What are you being benchmarked against?

Is it justifiable anywhere other than the judgers’ mind, and all those who agree with them?

Unfavourable comparisons are made, and there is always someone else who benefits from it. So, the targeting saga continues.

WHAT SHOULD YOU DO TO LIVE YOUR OWN LIFE?

In a webinar on estate planning, a participant said,

“Every time I raise the topic of writing a will, there is an uncomfortable silence in the house.”

My answer was

“Talk about it so often, that it becomes normal to talk about it.”

Brooding in silence does not help.

  • Re-state your positions again and again.
  • Let them know that this is the way you are going to live, and their opinions will not change anything.
  • Talk about the benefits of your lifestyle or thought process.

It will have a gradual positive effect on personal relationships.

WORKPLACE SITUATIONS

Situations in the workplace can be different, where those who wield power can harm.

Now, look around at the people you abhor as human beings, but they are being glorified in the workplace as achievers and high performers.

What are they doing differently?

  • They tom-tom about their achievements at every step.
  • They have at least one person in the hierarchy above to support them.

 Find that mentor.
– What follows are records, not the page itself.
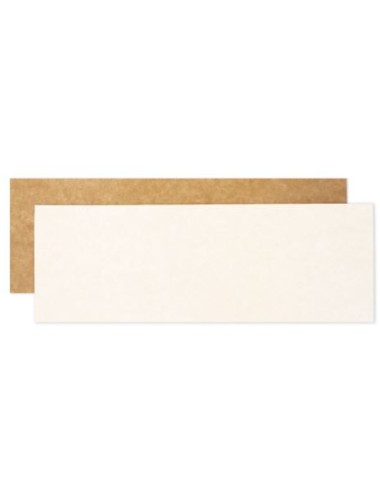 5 SUPPORTS 10X30CM CAKE&BUCHE KRAFT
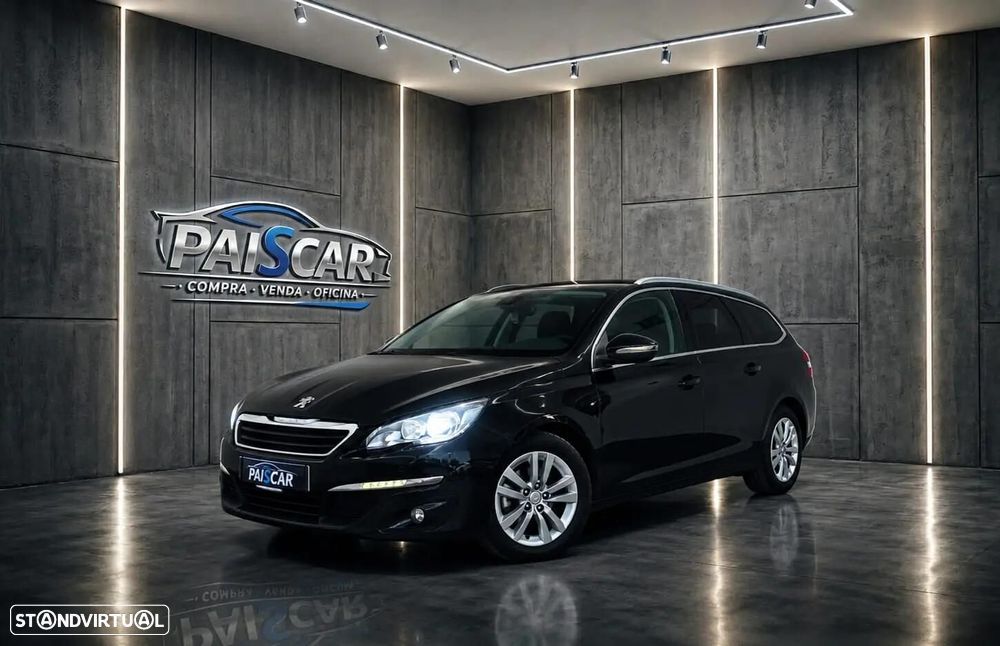 Peugeot 308 SW 1.6 e-HDi Allure CVM6 - 1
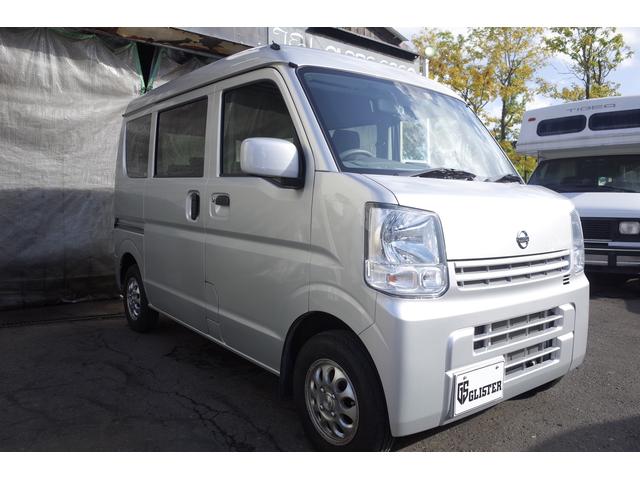 日産　NV100　クリッパー　入庫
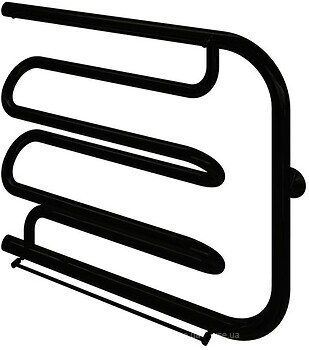 Фото Kosser Фокстрот Спиралевидный 530x700 черный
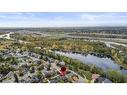 61 Riverside Circle Se, Calgary, AB  - Outdoor With View 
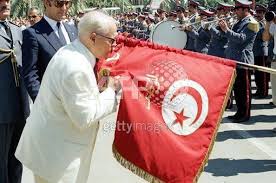 Best rates at hotel originals la tortiniere, book now online or by phone. Bouguiba S Inclinant E Embrassant Le Drapeau Tunisien Tunis Paper Shopping Bag Shopping Bag
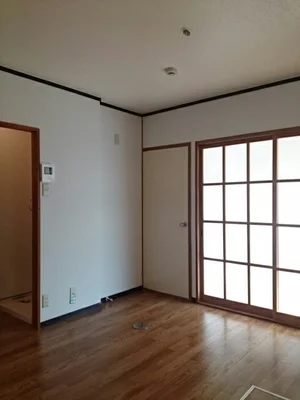 のマンスリーマンション・ウィークリーマンション「エルディムティンクル 107・洋室(No.1357881)」メイン画像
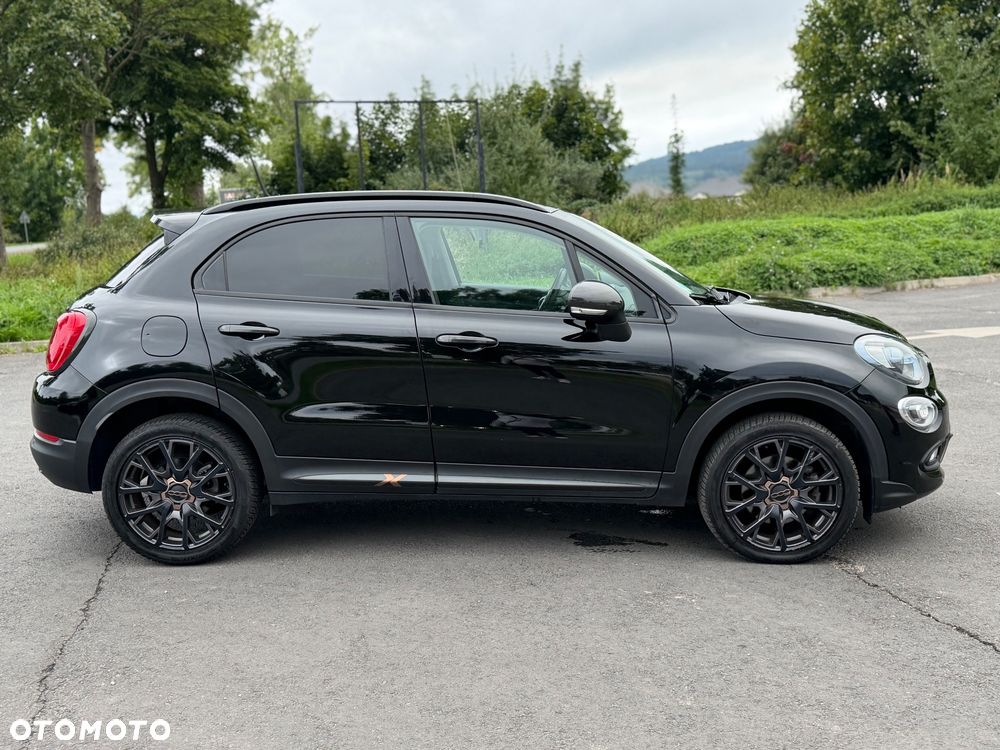 Fiat 500X 1.4 Multiair DCT 4x2 S&S S-Design Urban Look - 19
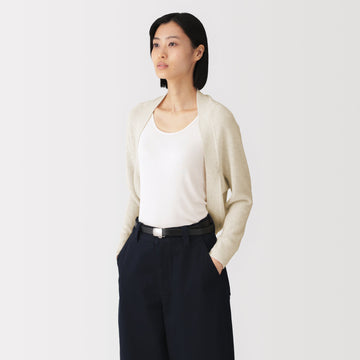 Labo Llama Wool Bolero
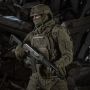 M-Tac нашивка Bad Boy (вишивка) Ranger Green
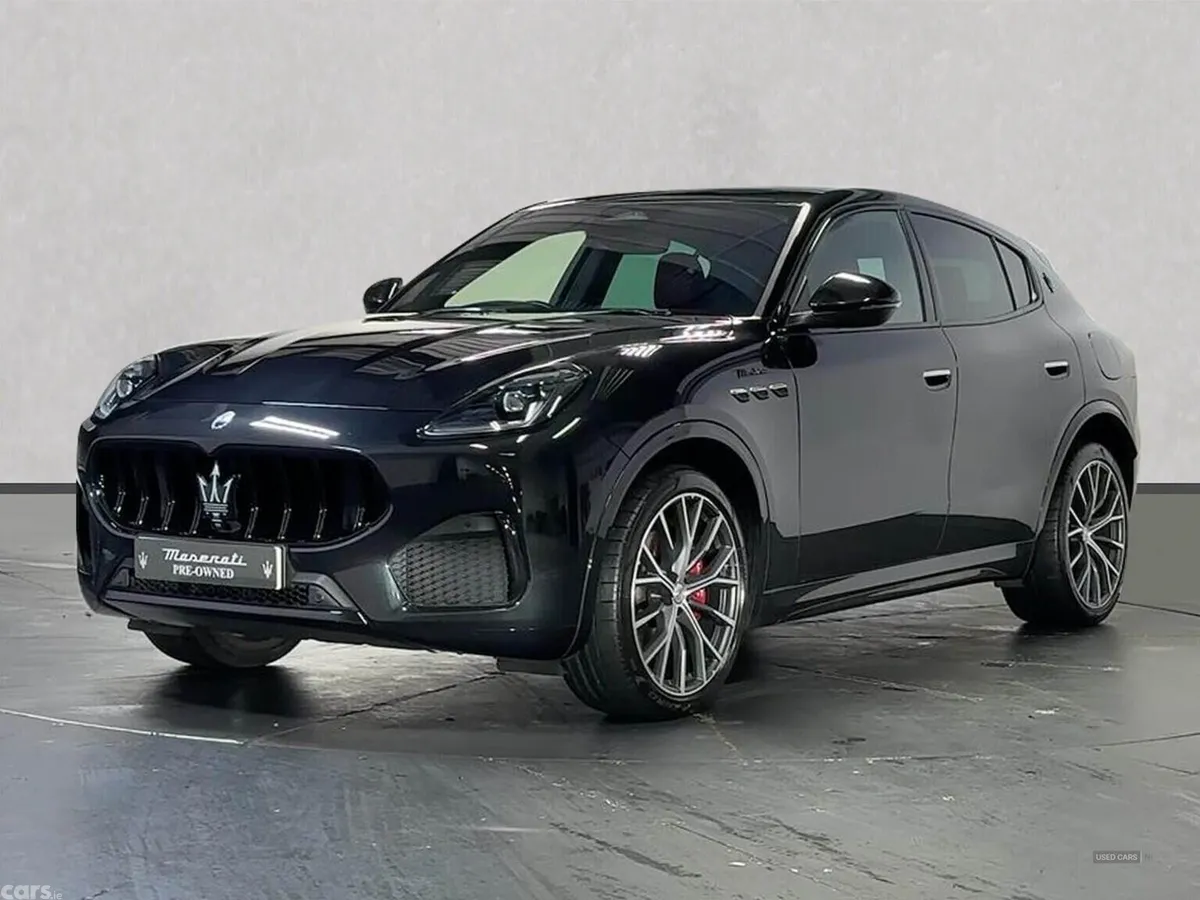 Maserati Other , Petrol, 2023, Black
Find other people who will speak for you in their absence. They need to understand your point of view, and I repeat,

Silence does not help. Speak up for yourself.

HOW DOES ONE PROTECT HERSELF ON THE STREETS?

You may not be able to fight every goon, unless you are a martial arts expert.

  • Raise awareness through social media posts. Videos of wrong-doings help in shaping public opinion.
  • Meet or write to the local authorities asking them for safety measures for women.

We have a force of women cab drivers and school bus drivers, because there was someone who understood the problem of rapes by Ola/Uber drivers, during rides at odd hours.  There was someone who wanted children to ply safely between home and school. It may not be widespread enough to cover the country as of now, but a beginning has been made.

Build that lobby. Don’t always think what’s in it for you, or that you are too small to make a difference.

Every citizen should be involved in social initiatives, which help to create a better world for tomorrow.